What to produce |
Pull every line that includes the word "Figure" out of the data below and copy it.

Entries provided |
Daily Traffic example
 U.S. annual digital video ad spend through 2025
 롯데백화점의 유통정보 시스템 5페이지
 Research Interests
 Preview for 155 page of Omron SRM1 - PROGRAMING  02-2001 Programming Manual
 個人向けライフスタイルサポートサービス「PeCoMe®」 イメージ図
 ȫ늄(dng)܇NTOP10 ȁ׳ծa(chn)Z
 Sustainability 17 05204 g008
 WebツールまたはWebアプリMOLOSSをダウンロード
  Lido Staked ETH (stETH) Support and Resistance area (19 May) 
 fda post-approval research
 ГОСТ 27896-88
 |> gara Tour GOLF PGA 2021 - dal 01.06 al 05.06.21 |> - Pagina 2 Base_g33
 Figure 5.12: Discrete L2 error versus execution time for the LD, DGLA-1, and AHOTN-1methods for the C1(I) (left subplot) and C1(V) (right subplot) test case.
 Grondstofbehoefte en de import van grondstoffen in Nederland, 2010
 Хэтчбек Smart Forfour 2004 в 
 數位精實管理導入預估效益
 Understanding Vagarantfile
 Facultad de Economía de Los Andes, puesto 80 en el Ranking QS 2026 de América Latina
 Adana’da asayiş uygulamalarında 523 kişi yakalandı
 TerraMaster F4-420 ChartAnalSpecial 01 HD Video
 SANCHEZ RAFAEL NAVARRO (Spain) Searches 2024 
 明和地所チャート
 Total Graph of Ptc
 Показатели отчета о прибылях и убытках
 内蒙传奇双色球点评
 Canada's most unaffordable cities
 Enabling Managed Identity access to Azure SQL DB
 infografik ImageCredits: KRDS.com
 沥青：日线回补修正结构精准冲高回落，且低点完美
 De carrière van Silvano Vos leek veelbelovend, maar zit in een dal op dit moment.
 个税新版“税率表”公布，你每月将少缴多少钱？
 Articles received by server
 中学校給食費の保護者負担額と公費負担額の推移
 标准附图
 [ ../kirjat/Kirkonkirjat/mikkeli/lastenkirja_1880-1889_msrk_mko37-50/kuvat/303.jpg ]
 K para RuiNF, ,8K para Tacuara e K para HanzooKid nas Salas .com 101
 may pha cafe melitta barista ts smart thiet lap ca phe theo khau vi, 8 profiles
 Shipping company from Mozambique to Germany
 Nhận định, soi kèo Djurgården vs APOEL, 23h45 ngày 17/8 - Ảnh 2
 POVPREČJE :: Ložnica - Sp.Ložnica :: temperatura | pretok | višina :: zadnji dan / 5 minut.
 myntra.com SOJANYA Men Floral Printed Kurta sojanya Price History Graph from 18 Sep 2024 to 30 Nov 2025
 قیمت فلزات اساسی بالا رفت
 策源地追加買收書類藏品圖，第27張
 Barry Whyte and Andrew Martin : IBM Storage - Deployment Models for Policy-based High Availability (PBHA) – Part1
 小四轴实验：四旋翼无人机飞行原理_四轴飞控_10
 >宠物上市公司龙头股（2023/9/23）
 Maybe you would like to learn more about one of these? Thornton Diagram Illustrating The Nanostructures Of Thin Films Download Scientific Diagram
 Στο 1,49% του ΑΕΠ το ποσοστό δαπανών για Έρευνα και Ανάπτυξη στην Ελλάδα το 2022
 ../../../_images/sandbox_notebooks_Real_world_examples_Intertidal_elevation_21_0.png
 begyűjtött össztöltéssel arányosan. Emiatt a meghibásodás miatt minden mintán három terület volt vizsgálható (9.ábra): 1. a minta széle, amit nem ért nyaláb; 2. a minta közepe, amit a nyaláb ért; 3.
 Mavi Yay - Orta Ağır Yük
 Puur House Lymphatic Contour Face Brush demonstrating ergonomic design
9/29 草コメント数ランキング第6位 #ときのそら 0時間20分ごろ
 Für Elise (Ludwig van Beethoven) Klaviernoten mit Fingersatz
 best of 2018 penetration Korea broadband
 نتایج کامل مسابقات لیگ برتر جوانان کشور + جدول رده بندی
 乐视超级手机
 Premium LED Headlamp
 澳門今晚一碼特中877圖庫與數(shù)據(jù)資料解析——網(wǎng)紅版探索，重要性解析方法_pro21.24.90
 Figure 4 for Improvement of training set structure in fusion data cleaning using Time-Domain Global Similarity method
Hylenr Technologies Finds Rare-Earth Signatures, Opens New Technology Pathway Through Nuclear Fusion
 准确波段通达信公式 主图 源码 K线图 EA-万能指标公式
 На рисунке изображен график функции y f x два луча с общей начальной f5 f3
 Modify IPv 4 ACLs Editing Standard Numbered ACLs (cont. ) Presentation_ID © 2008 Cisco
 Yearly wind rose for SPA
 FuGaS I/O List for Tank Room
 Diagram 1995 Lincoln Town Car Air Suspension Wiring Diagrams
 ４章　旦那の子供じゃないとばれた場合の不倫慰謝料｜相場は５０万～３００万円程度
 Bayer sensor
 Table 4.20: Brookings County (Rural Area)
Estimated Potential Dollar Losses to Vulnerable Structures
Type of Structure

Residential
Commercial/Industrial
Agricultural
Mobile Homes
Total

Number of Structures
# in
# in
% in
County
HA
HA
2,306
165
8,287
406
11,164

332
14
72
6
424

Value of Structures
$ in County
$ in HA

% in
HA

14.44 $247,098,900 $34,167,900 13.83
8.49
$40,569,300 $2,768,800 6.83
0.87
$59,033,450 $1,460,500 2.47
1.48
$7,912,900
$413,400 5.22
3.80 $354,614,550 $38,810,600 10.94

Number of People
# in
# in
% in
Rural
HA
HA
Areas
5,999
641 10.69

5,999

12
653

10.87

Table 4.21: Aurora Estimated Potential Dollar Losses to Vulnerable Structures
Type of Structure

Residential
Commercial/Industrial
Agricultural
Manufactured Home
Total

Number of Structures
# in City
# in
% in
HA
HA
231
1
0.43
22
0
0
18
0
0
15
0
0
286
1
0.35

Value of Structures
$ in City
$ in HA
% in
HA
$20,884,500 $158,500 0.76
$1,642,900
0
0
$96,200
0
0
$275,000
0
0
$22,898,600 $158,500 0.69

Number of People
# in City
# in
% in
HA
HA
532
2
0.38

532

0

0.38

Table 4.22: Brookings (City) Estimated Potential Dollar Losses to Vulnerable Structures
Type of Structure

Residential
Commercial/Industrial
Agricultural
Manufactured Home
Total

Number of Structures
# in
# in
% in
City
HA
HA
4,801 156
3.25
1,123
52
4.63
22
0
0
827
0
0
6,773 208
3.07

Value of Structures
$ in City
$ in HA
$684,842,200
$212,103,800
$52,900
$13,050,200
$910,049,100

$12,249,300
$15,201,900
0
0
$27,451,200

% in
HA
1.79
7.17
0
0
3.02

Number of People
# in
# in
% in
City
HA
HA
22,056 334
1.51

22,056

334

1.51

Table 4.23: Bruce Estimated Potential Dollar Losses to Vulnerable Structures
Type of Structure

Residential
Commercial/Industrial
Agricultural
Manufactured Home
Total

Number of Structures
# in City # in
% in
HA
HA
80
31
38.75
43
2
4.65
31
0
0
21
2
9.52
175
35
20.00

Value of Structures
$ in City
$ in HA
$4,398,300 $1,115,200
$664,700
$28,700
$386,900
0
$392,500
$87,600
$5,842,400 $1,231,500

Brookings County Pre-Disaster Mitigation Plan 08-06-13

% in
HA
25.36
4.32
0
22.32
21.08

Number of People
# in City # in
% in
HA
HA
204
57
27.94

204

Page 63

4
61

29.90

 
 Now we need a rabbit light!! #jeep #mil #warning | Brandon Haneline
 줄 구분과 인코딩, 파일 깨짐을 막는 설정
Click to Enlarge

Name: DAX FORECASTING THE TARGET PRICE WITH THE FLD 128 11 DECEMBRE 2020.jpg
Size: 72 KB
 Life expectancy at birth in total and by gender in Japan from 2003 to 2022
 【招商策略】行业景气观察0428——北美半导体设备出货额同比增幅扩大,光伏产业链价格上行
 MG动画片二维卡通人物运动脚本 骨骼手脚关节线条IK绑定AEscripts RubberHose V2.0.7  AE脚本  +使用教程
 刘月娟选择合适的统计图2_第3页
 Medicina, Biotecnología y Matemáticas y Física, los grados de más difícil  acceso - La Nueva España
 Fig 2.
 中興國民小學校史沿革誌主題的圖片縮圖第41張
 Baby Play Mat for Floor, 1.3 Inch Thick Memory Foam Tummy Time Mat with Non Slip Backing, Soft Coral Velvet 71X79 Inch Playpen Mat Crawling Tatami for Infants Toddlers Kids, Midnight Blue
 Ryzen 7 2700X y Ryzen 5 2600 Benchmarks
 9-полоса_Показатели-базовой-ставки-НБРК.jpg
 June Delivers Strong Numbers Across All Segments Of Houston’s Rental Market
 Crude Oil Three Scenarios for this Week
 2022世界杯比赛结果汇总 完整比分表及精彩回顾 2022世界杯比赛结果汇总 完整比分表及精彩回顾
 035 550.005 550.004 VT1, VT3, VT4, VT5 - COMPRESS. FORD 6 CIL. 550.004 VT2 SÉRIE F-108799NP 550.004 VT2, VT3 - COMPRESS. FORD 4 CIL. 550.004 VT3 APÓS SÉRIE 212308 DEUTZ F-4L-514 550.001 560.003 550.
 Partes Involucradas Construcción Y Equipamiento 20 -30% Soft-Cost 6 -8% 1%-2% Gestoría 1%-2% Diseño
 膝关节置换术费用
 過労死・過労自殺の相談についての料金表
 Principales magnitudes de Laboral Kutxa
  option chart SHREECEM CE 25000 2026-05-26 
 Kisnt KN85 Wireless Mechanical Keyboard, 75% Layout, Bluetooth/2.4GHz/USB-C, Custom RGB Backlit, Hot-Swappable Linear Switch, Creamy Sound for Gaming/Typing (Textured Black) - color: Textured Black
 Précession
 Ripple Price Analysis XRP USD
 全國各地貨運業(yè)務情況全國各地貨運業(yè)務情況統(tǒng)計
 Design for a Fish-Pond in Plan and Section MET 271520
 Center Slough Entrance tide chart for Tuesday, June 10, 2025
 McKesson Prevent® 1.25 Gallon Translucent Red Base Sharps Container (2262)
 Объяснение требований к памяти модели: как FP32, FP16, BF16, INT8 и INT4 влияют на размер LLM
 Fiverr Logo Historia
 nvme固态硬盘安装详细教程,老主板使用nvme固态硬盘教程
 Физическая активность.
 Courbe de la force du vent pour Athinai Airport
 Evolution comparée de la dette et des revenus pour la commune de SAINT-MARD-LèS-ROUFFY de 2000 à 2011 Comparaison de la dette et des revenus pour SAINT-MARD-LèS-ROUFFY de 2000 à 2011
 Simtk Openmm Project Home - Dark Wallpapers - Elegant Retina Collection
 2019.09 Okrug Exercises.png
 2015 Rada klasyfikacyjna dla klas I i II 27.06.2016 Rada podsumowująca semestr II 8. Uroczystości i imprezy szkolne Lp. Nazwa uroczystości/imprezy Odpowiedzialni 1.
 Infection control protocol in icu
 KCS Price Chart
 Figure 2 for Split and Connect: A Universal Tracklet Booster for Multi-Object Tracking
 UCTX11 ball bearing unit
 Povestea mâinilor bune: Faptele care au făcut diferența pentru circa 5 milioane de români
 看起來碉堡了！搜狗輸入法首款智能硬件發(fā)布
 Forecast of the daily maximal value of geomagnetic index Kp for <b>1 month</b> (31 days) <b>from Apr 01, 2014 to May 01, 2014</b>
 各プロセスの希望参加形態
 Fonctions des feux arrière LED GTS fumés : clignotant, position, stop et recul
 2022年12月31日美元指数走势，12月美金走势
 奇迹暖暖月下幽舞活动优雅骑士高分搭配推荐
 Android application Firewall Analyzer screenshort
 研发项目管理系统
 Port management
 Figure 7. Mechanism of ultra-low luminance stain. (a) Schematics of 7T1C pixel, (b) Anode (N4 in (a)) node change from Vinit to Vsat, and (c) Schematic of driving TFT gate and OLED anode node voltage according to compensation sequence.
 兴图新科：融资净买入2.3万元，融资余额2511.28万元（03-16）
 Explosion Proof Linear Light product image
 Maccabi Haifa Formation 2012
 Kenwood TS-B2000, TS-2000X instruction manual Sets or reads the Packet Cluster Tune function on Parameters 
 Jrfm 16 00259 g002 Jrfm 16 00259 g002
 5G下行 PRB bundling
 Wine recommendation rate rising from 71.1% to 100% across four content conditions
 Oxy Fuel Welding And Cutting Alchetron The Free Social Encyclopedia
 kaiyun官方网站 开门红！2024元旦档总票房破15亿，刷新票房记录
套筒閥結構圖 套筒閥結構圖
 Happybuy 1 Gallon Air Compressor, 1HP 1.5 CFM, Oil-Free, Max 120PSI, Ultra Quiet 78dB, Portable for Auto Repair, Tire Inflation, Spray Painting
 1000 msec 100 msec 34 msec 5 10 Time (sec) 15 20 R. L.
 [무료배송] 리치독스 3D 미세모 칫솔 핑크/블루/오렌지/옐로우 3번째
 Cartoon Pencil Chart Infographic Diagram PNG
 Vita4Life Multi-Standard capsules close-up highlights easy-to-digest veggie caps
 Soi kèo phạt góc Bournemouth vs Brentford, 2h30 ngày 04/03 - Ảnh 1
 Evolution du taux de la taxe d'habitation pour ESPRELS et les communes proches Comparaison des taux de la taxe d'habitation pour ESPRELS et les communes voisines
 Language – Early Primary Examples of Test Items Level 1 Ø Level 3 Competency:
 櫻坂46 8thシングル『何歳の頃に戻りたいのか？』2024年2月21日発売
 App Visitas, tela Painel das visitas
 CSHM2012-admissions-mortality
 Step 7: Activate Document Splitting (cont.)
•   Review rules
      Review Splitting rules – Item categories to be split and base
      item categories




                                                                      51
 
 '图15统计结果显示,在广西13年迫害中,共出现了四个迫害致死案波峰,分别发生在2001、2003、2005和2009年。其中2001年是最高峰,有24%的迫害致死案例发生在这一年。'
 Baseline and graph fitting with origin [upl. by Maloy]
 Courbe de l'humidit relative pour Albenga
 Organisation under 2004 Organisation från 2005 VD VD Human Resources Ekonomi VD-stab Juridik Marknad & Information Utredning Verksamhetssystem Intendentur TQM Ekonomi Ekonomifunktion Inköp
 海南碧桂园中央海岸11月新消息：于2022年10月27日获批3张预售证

The completed task |
 Figure 5.12: Discrete L2 error versus execution time for the LD, DGLA-1, and AHOTN-1methods for the C1(I) (left subplot) and C1(V) (right subplot) test case.
 Figure 4 for Improvement of training set structure in fusion data cleaning using Time-Domain Global Similarity method
 Figure 2 for Split and Connect: A Universal Tracklet Booster for Multi-Object Tracking
 Figure 7. Mechanism of ultra-low luminance stain. (a) Schematics of 7T1C pixel, (b) Anode (N4 in (a)) node change from Vinit to Vsat, and (c) Schematic of driving TFT gate and OLED anode node voltage according to compensation sequence.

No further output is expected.